Bahkan pelajaran seni yang harusnya otak kiri kita yang selayaknya diistirahatkan pun kini tak lepas dari apa yang disebut LKS. Otak kiri kita serasa diperas tiap hari dari jam 07.00 sampai jam 14.00 saat kelas berakhir. Mungkin hanya satu mata pelajaran yang tidak menggunakan otak kiri, dan mungkin hanya satu-satunya, apalagi kalau bukan olahraga. Namun mata pelajaran yang mungkin sebagai mata pelajaran paling ditunggu ini pun juga telah terkontaminasi dengan apa yang disebut LKS, syahdan, kini setelah para murid berkeringat, pilihan ganda di LKS harus sudah diisi untuk selanjutnya dikumpulkan untuk dibubuhi paraf.

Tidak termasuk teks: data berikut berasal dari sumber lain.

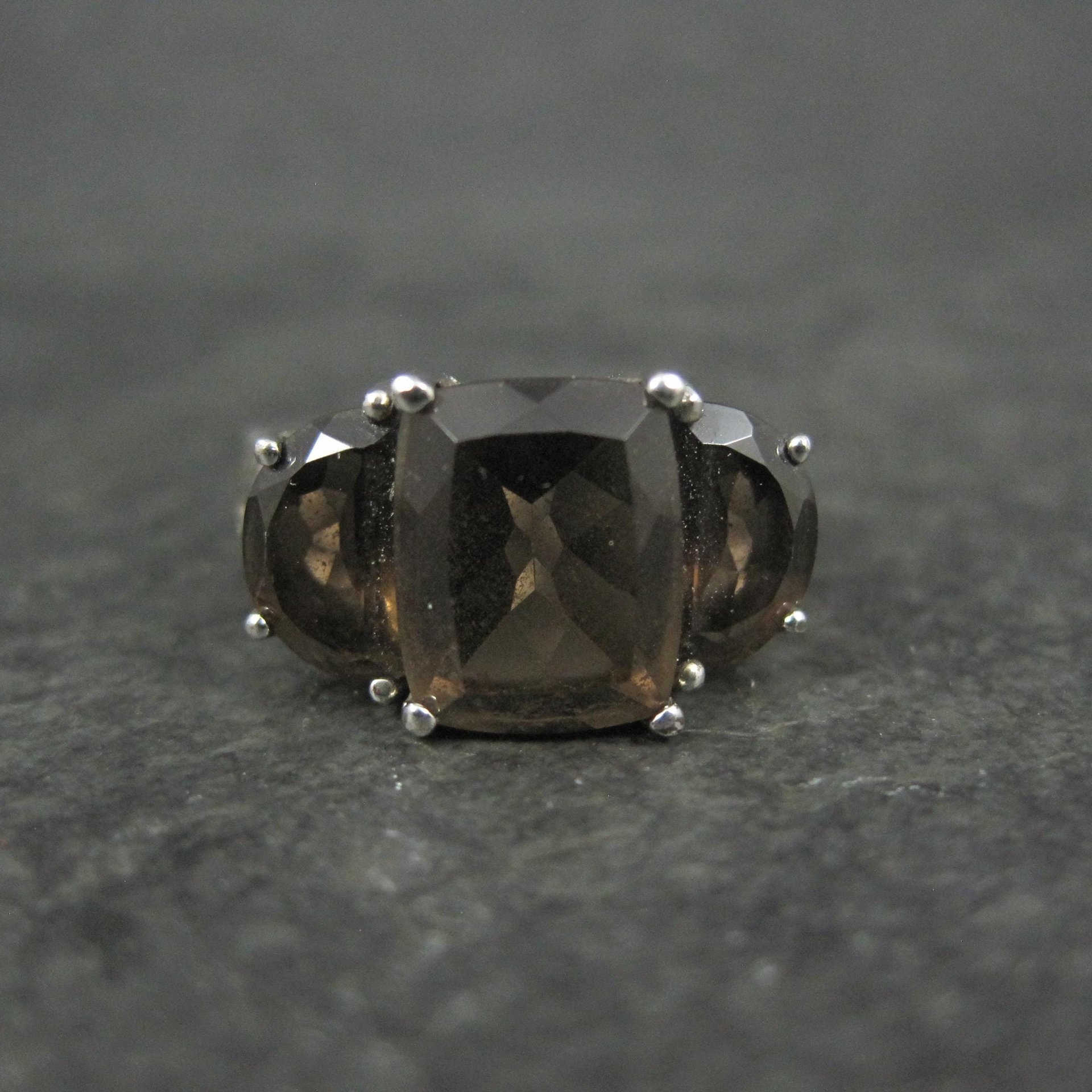 Sterling Silver Smoky Quartz Ring Size 7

Namun, apakah kita menyematkan perilaku hafal teori ini pada pundak sang guru.?Ternyata sang guru, meski tak semua guru berorientasi demikian, pun adalah bagian dari sebuah sistem pendidikan Indonesia yang salah kaprah, siapa yang menciptakan, tentulah orang-orang di kemendiknas. Sistem yang diformalkan dan dilanggengkan keberadaanya dengan ujian nasional yang jelas hanya menciptakan pendidikan berorientasi nilai raport dan ijazah.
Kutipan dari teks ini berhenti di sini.